Task requirements. Work through the listing below and count the lines that hold "yellow". Answer with the number alone.

Supplied records.

━━━━━━━━━━━━━━━━━━━━━━━━━━━━━━

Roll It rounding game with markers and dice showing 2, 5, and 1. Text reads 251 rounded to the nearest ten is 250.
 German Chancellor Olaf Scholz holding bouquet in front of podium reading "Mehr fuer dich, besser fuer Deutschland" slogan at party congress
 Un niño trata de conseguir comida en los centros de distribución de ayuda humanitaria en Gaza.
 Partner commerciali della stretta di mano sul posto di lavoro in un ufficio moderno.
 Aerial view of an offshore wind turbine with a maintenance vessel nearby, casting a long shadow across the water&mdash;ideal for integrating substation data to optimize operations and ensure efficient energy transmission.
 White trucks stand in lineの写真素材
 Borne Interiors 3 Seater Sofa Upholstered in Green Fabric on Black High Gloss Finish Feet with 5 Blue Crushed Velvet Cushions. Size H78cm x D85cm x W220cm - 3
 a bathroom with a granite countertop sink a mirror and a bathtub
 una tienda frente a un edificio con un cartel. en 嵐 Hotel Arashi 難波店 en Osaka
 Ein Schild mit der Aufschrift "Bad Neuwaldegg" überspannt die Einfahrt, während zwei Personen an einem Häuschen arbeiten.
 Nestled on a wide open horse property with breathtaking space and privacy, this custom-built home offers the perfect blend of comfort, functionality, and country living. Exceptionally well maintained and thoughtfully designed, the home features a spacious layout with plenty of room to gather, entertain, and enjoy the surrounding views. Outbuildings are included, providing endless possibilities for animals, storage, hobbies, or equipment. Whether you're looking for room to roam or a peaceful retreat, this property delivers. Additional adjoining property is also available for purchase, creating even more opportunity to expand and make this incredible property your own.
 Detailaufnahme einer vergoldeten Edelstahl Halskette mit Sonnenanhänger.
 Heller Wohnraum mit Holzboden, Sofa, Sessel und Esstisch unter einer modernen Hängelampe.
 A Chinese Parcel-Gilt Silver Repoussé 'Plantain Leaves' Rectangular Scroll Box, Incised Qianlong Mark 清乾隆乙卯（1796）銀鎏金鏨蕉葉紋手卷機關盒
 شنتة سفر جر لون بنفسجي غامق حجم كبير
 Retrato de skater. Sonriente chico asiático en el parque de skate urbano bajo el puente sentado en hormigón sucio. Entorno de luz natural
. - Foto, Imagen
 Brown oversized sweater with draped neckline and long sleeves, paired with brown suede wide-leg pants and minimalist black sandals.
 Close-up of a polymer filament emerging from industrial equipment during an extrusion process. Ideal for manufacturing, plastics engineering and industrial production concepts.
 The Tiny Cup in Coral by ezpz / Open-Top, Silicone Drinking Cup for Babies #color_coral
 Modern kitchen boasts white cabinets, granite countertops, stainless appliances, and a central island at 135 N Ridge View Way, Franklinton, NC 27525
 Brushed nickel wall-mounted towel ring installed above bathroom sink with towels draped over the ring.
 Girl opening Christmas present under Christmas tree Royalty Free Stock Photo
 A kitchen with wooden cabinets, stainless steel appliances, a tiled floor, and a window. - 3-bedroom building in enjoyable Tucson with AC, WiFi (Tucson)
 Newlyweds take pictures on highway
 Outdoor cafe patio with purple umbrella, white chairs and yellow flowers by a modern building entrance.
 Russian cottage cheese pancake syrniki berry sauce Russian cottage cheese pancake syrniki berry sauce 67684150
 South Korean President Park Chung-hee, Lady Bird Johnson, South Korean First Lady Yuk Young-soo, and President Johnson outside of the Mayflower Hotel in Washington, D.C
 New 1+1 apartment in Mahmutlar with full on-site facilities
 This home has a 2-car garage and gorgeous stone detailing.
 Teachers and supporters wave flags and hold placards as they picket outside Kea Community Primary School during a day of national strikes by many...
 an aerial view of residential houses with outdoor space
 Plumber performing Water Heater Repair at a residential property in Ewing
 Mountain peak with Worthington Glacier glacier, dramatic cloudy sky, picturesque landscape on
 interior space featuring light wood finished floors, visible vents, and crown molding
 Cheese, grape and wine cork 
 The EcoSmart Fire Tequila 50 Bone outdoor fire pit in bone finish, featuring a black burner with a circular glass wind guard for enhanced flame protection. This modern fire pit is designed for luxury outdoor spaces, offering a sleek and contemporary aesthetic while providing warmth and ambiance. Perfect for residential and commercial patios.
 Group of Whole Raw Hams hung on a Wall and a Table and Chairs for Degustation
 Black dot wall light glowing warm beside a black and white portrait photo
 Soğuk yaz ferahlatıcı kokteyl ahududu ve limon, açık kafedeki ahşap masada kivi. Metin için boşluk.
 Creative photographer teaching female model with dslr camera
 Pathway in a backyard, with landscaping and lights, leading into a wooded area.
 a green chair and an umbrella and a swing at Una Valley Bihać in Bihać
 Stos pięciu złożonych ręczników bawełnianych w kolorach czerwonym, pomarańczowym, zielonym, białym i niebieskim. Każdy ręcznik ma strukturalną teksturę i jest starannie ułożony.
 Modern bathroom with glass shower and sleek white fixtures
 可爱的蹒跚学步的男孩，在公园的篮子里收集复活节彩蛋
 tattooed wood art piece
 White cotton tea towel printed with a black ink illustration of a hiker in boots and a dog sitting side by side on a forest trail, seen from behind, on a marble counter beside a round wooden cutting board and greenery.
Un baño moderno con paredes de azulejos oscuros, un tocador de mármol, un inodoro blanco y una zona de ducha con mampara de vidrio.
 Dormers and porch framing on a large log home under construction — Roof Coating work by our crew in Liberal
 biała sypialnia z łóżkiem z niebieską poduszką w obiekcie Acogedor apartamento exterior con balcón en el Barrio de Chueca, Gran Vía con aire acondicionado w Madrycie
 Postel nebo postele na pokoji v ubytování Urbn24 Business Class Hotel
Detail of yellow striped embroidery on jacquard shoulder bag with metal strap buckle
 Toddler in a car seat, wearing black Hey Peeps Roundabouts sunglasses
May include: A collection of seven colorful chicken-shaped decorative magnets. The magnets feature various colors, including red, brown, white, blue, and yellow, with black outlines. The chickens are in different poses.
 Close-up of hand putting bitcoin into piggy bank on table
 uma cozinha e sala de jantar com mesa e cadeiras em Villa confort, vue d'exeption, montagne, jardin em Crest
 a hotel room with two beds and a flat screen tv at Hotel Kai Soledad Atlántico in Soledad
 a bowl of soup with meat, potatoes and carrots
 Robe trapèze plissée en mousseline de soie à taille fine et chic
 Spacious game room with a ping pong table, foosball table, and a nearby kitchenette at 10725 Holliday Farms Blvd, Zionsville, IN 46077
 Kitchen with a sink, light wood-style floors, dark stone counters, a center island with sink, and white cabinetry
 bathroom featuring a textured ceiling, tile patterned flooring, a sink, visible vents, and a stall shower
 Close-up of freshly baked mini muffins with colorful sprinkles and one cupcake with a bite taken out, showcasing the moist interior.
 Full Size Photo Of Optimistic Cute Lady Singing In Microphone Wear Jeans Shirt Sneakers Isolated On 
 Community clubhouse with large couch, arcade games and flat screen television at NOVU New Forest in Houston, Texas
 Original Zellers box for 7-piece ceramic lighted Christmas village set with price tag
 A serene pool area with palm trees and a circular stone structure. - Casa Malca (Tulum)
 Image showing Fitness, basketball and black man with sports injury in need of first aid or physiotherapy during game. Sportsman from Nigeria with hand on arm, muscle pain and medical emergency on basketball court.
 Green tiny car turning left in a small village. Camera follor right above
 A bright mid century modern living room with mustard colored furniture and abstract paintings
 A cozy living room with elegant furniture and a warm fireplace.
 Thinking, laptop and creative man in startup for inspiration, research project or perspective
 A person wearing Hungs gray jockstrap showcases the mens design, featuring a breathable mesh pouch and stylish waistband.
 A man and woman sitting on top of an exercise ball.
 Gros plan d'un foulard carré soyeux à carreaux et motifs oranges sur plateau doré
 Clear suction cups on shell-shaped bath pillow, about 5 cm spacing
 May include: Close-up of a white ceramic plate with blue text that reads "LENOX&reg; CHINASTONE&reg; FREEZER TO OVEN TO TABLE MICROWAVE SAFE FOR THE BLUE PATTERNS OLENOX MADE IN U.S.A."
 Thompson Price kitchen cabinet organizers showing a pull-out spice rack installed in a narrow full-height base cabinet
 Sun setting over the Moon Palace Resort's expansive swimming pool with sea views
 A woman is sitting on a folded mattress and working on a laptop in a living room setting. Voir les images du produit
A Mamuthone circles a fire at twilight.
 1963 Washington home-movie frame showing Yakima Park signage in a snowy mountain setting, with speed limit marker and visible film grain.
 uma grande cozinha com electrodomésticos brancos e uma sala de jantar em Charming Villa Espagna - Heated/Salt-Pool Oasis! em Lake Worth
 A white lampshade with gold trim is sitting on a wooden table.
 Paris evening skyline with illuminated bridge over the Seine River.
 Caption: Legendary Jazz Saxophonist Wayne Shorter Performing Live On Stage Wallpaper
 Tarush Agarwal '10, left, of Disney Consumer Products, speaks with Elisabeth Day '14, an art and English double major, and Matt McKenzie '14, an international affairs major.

━━━━━━━━━━━━━━━━━━━━━━━━━━━━━━

Answer to this task. 3